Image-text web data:

↓

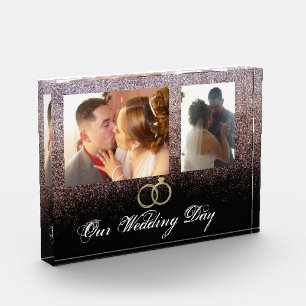 Eleganz am Hochzeitstag Faux Glitter Double Fotoblock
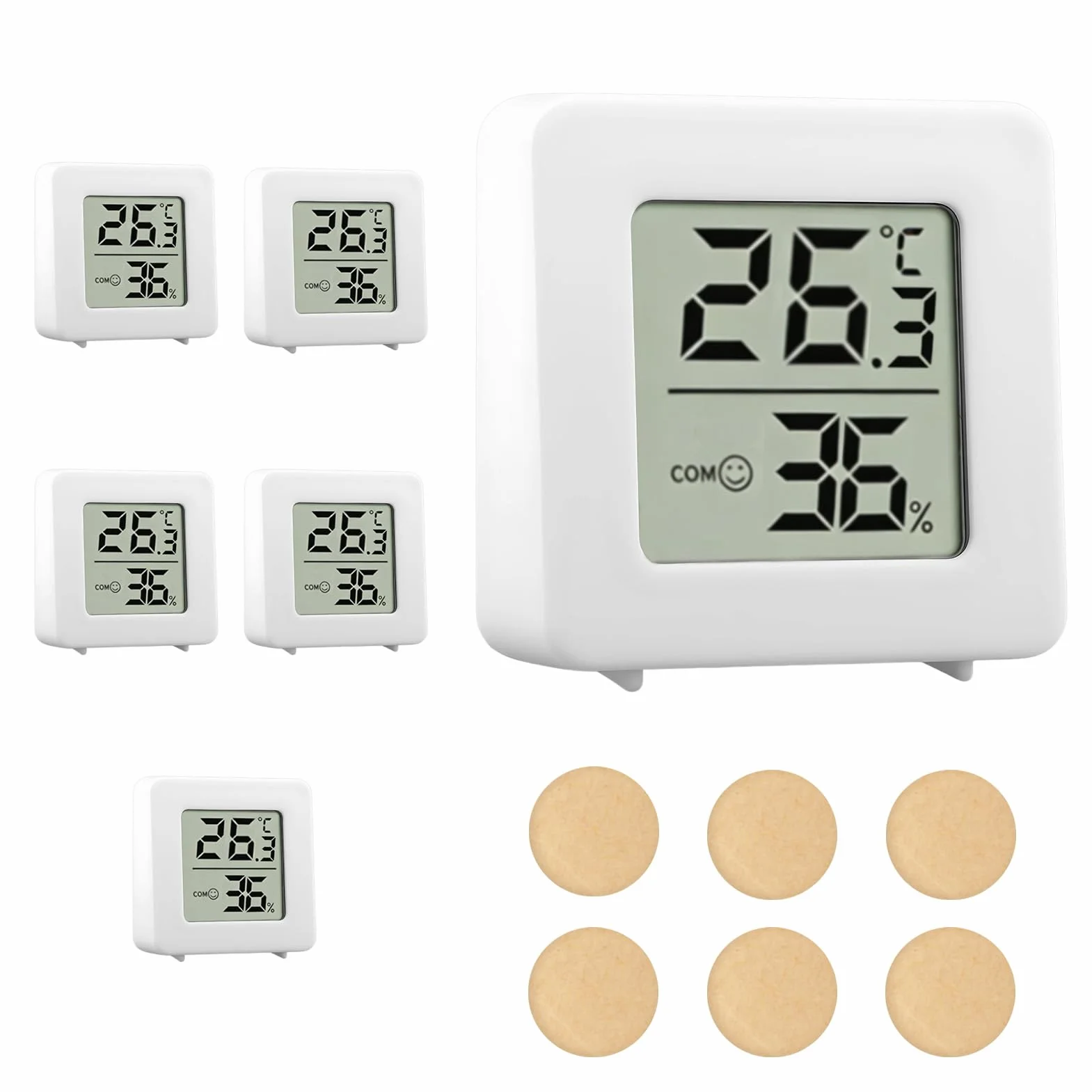 Termometro Digital Higrometro 6 Piezas Pantalla LCD Medidor Temperatura Humedad Hogar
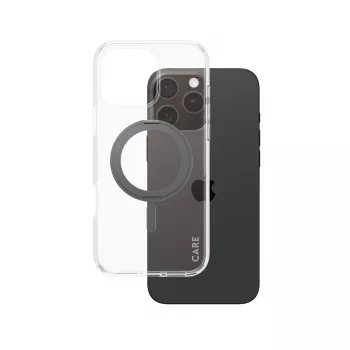 Capa PanzerGlass CARE™ by ® transparente com suporte preto e MagSafe para iPhone 16 Pro Max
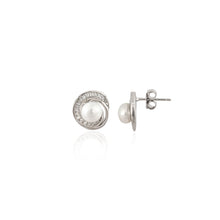 Elegant Pearl Stud Earrings in Sterling Silver with Cubic Zirconia – Classic Charm with Everyday Sparkle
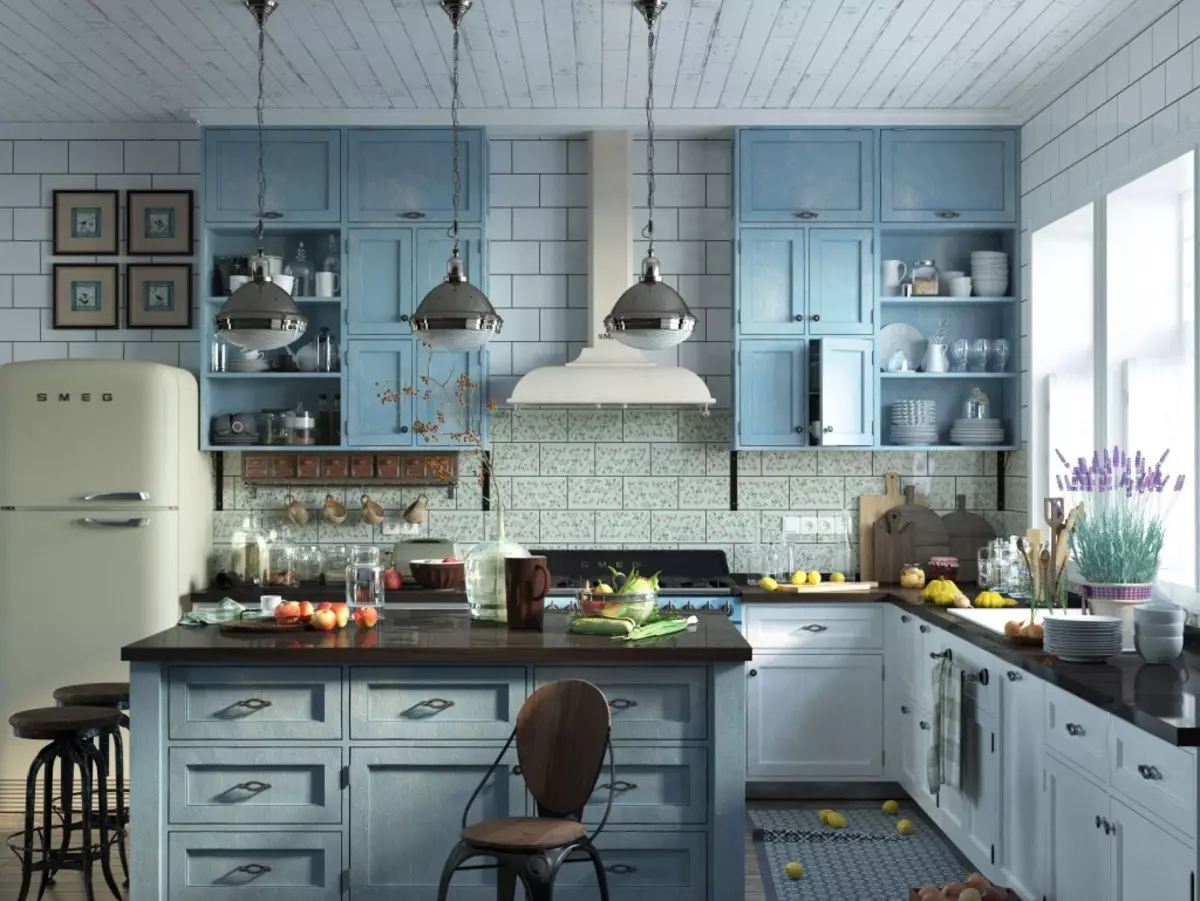 Dapur Provence (130 foto): Reka bentuk dalaman dapur putih, alat dengar dapur dalam gaya zaitun. Bagaimana untuk mengatur dinding? Bagaimana untuk menghiasi bilik dengan bunga dan lukisan? 21162_3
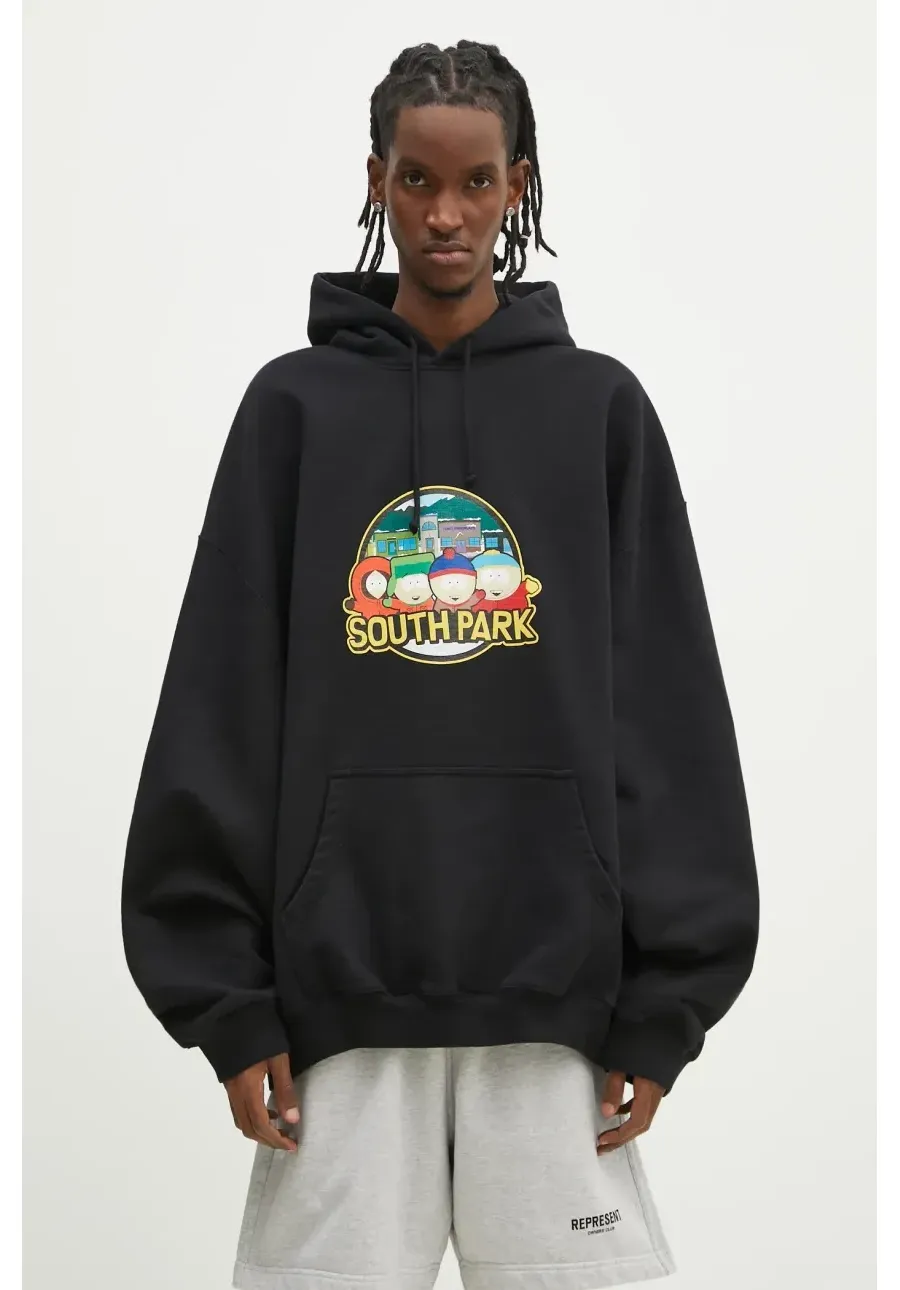 obrazek 1 VETEMENTS bluza Southpark Oversized męska kolor czarny z kapturem z nadrukiem UA66HD670B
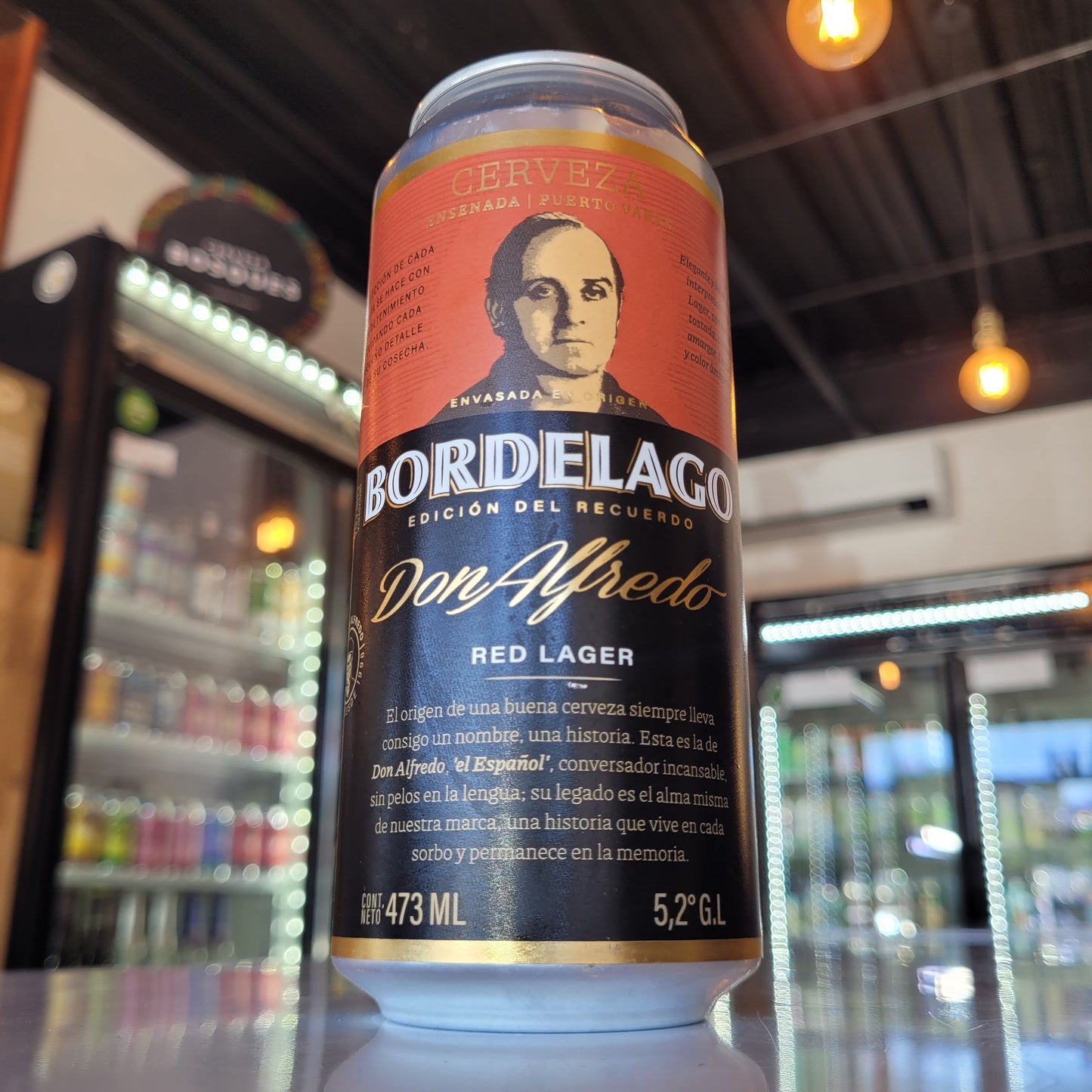 Foto de Bordelago Don Alfredo Red Lager 473ml - Cerveza Artesanal en Puerto Cervecero, Puerto Varas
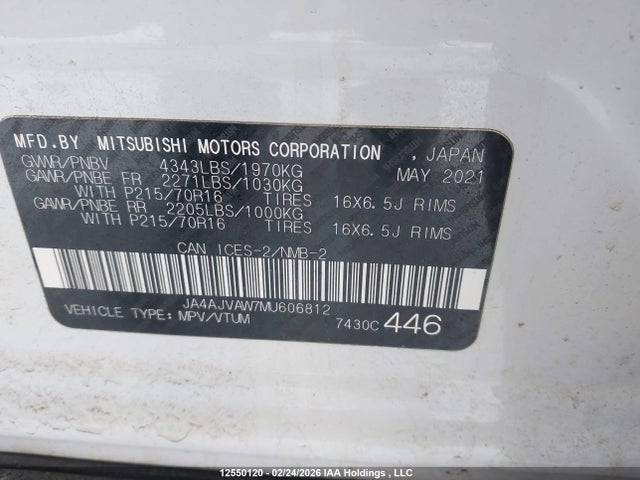 JA4AJVAW7MU606812 Mitsubishi Rvr Gt/le/se/sel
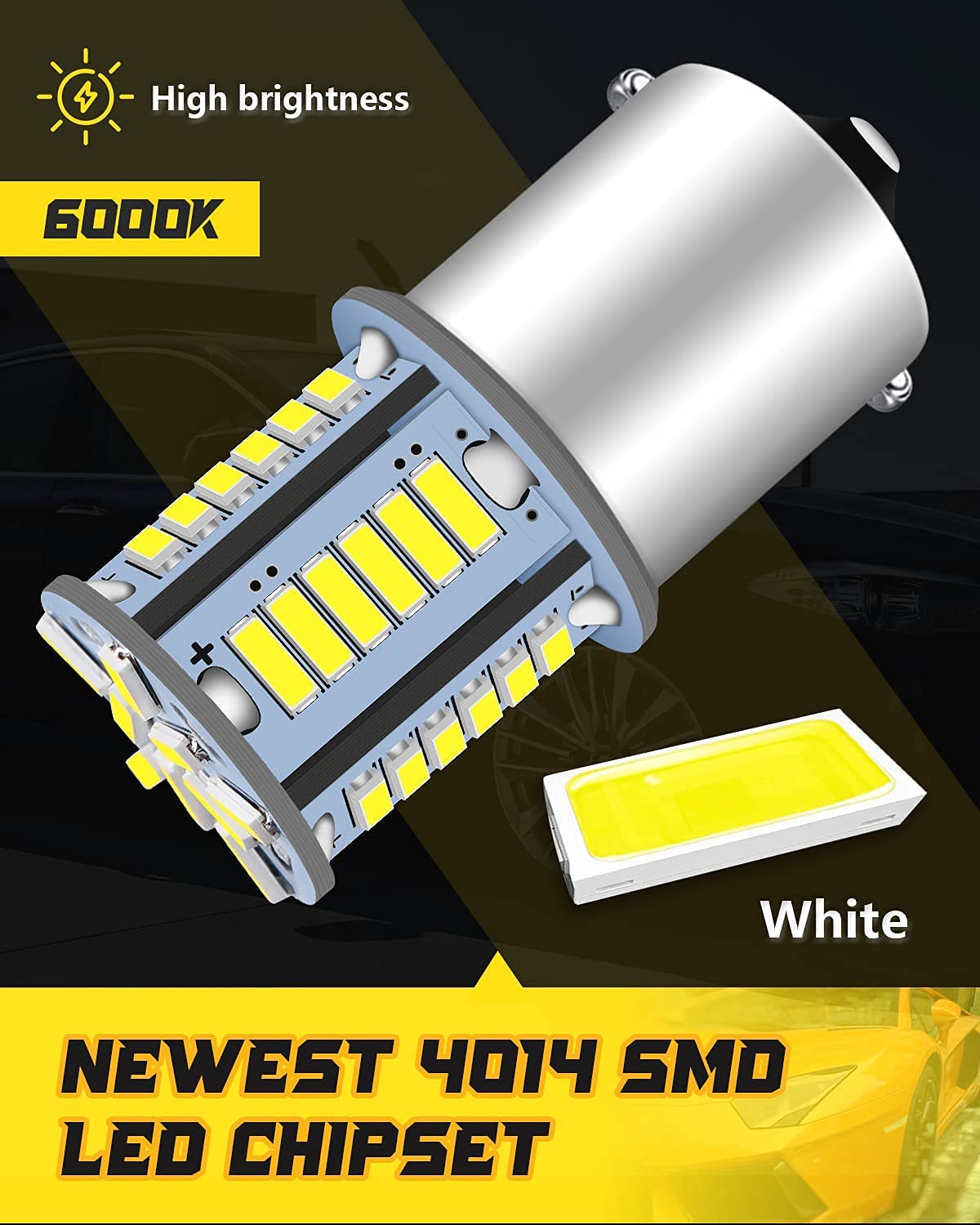 4 Lampadine LED P21W 1156 BA15S - 6500K Bianco Luminoso Per Retromarcia E Luci Auto 12V-24V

↑

Copy exactly the lines of the entries above from the one containing "Termometro Digital Higrometro" through the one containing "Foto de Bordelago". Both end lines count; pictures do not.

 Termometro Digital Higrometro 6 Piezas Pantalla LCD Medidor Temperatura Humedad Hogar
 Capa PanzerGlass CARE™ by ® transparente com suporte preto e MagSafe para iPhone 16 Pro Max
 Elegant Pearl Stud Earrings in Sterling Silver with Cubic Zirconia – Classic Charm with Everyday Sparkle
 Dapur Provence (130 foto): Reka bentuk dalaman dapur putih, alat dengar dapur dalam gaya zaitun. Bagaimana untuk mengatur dinding? Bagaimana untuk menghiasi bilik dengan bunga dan lukisan? 21162_3
 obrazek 1 VETEMENTS bluza Southpark Oversized męska kolor czarny z kapturem z nadrukiem UA66HD670B
 Foto de Bordelago Don Alfredo Red Lager 473ml - Cerveza Artesanal en Puerto Cervecero, Puerto Varas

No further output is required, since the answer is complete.